Source material section start

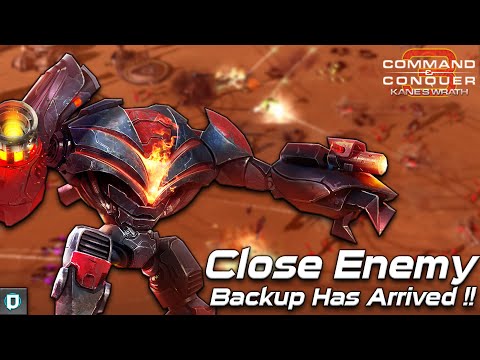 Close Enemy | C&C 3: Kanes Wrath, 4v4 vs Brutal Ai , Multiplayer Gameplay 2021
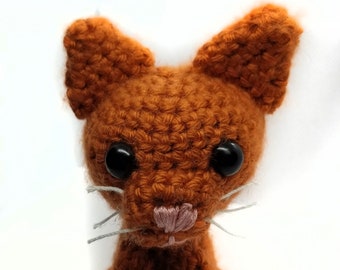 READY TO SHIP Orange Cat Amigurumi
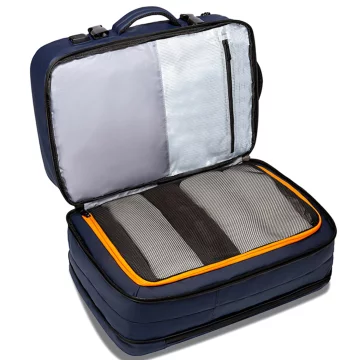 Bange Waterproof Backpack for Laptop 15.6" City Travel 45x30x16 cm for Work Airplane Men's Women's with USB Port Black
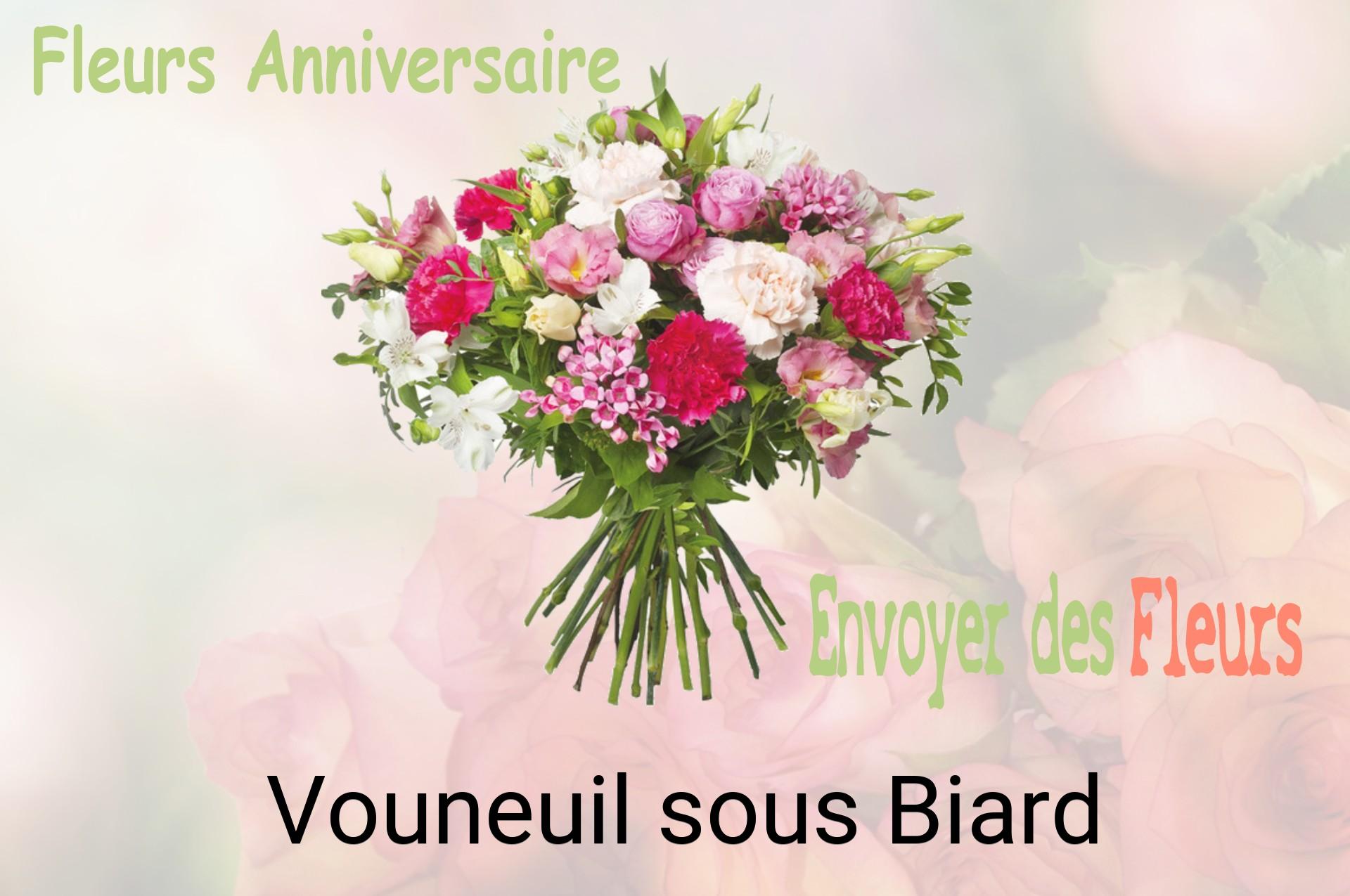 Bouquet de fleurs d’anniversaire livré à Vouneuil-sous-Biard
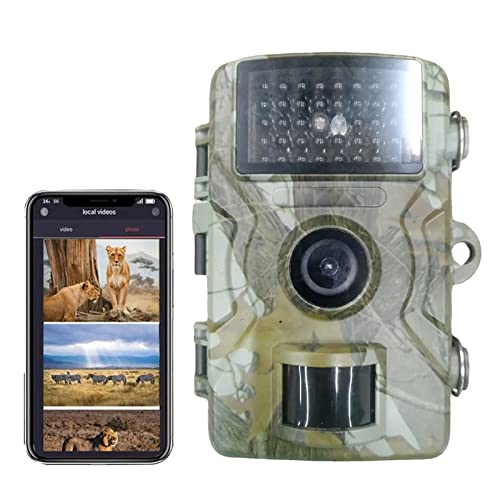Wildkamera,12MP 1080P HD Jagdkamera mit SD Card 32GB Infrarot-Nachtsicht Jagdkamera IP66 Wasserdicht Action-Kamera 90° Weitwinkel Nachtsichtkamera (Wildkamera) von WMLBK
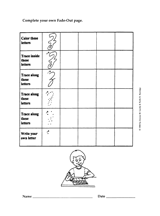 Fade-Out Uppercase Cursive Z Activity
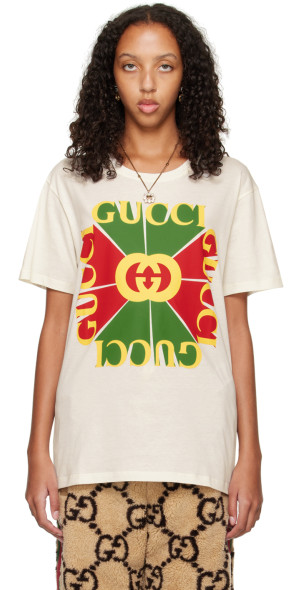 Gucci - Off-White Interlocking G T-Shirt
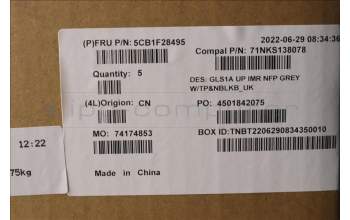 Lenovo 5CB1F28495 Tastatur inkl. TopcaseASM_UK C82R0 NFP CG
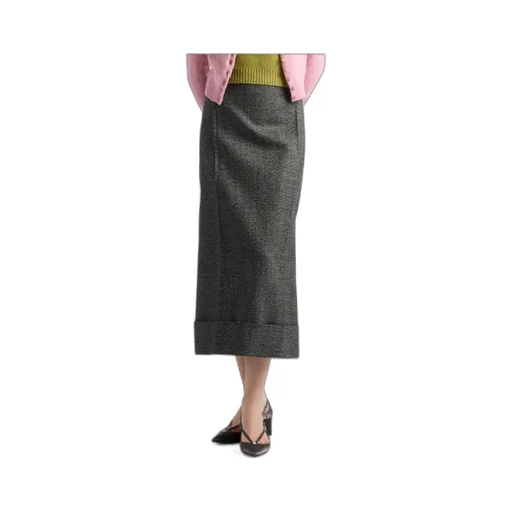 High-Rise A-Line Maxi Skirt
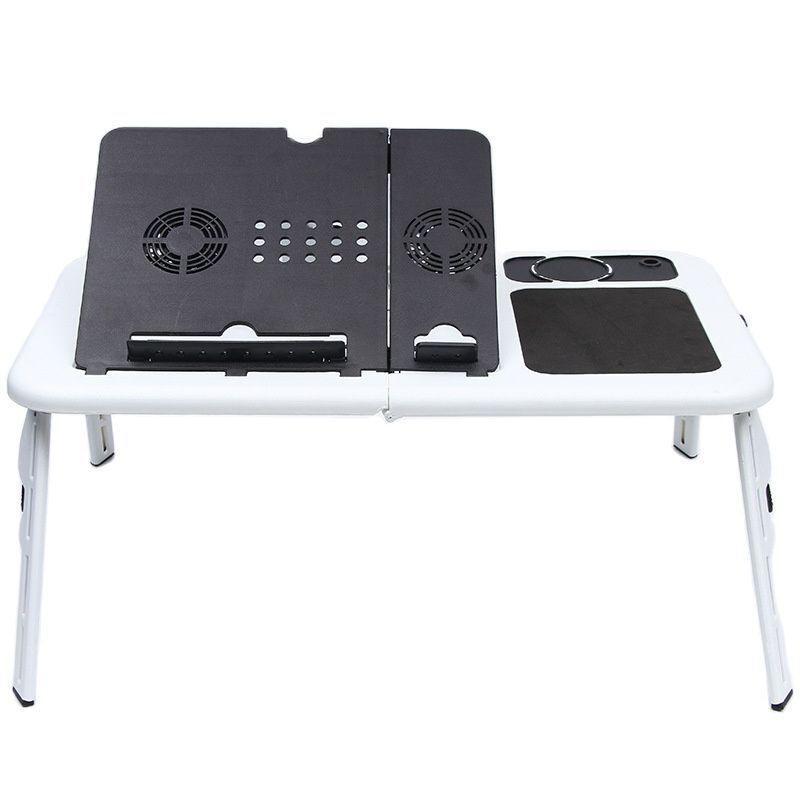 Laptop desk Multifunctional notebook computer table stand-type folding computer table USB cooling bed notebook computer stand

Source material section end

● Task statement:
Everything from the first line of the entries above through the line with "Bouquet de fleurs" should be duplicated exactly, except the pictures.

● Written solution:
 Close Enemy | C&C 3: Kanes Wrath, 4v4 vs Brutal Ai , Multiplayer Gameplay 2021
 READY TO SHIP Orange Cat Amigurumi
 Bange Waterproof Backpack for Laptop 15.6" City Travel 45x30x16 cm for Work Airplane Men's Women's with USB Port Black
 Bouquet de fleurs d’anniversaire livré à Vouneuil-sous-Biard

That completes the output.